▸ **Recorded data**
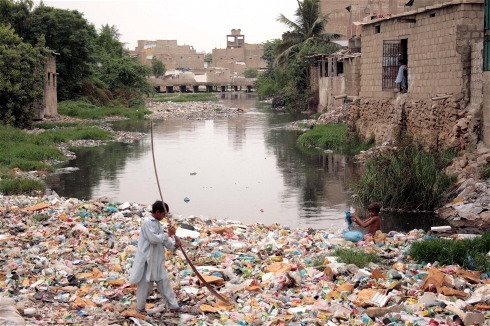 Pakistan Ô nhiễm nguồn nước ảnh hưởng nghiêm trọng sức khỏe của người dân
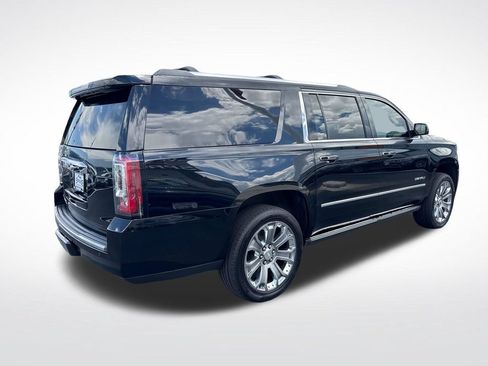 Used 2016 GMC Yukon XL Denali w/ Open Road Package AWD/4WD image 5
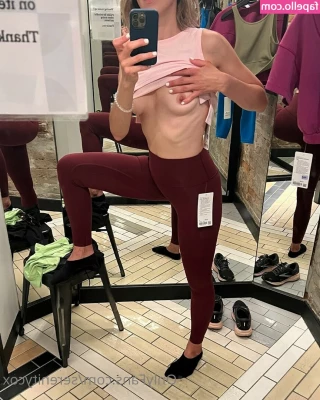 Serenity Cox [ serenity-cox ] - What are you waiting for? Get in my DMs!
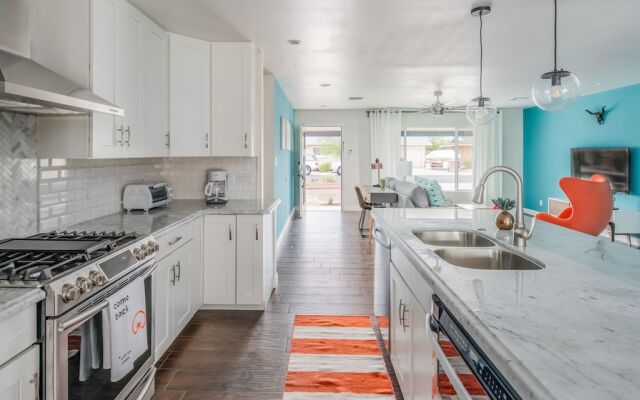 4BR Home in Scottsdale by WanderJaunt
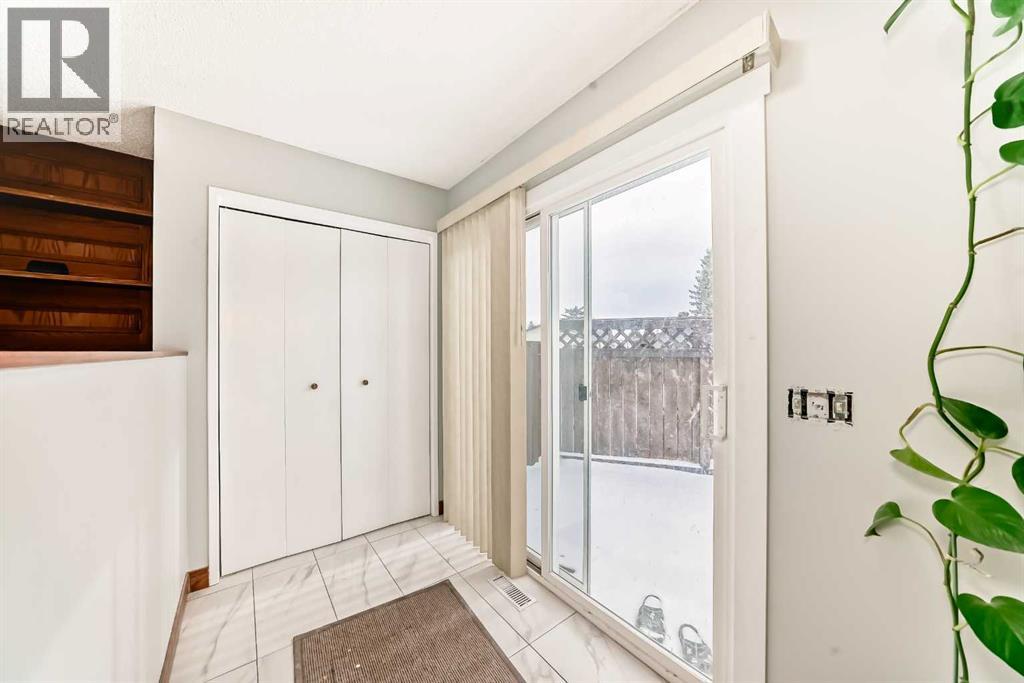 331 Bedford Place Ne, Calgary, Alberta  T3K 2K6 - Photo 12 - A2292781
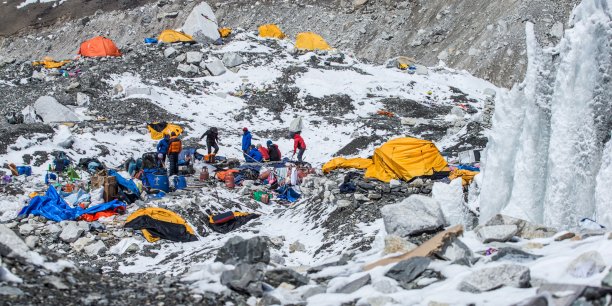 Tous les alpinistes bloques dans l'everest ont ete evacues[reuters.com]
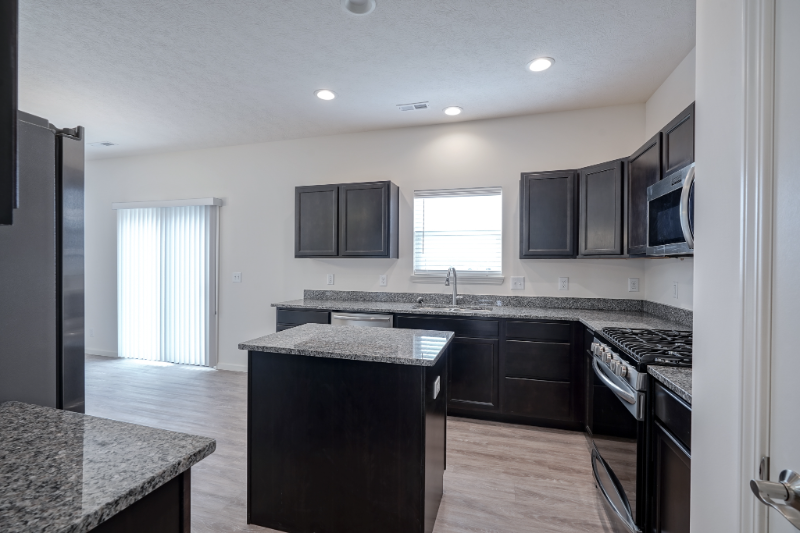 1133 Thorny Ln - Photo 4 of 20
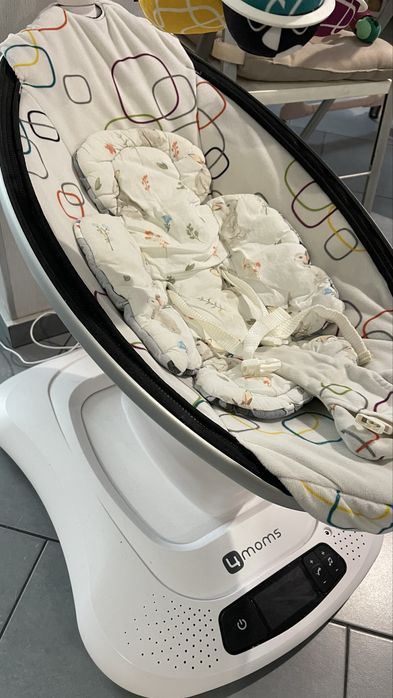 Заколисуючий центр 4moms 4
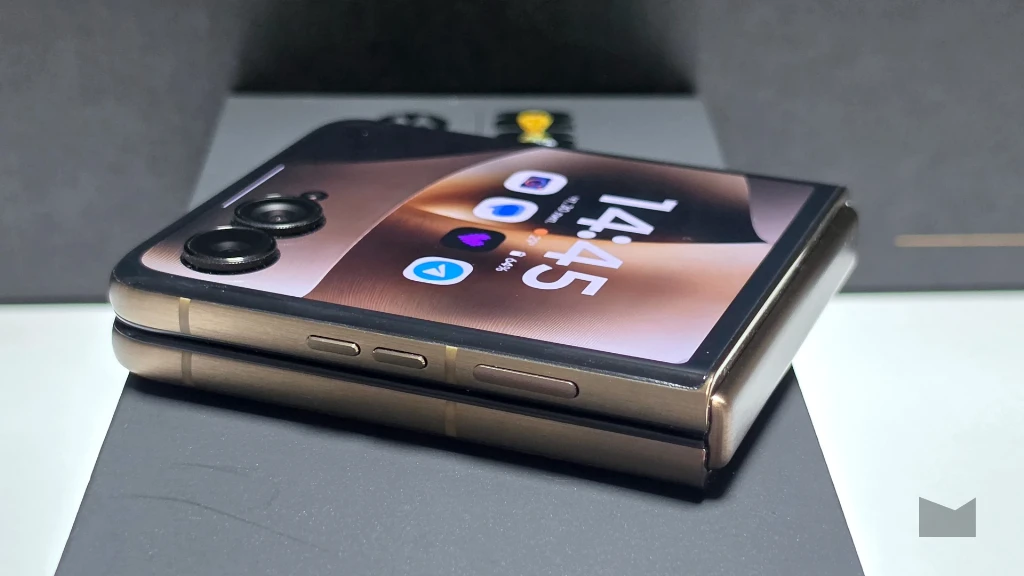 Огляд Motorola Razr 70 Ultra: дизайн та ергономічність Огляд Motorola Razr 70 Ultra: дизайн та ергономічність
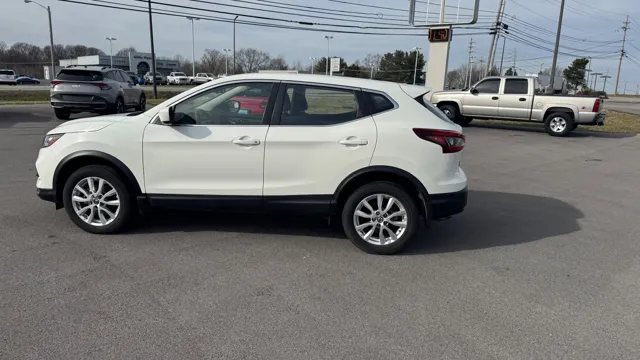 2021 Nissan Rogue Sport S's photo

▸ **Task to complete**
Could you repeat exactly the lines from the one containing "Tous les alpinistes" to the last line of the records, both included, and leave out every picture?

▸ **Output**
 Tous les alpinistes bloques dans l'everest ont ete evacues[reuters.com]
 1133 Thorny Ln - Photo 4 of 20
 Заколисуючий центр 4moms 4
 Огляд Motorola Razr 70 Ultra: дизайн та ергономічність Огляд Motorola Razr 70 Ultra: дизайн та ергономічність
 2021 Nissan Rogue Sport S's photo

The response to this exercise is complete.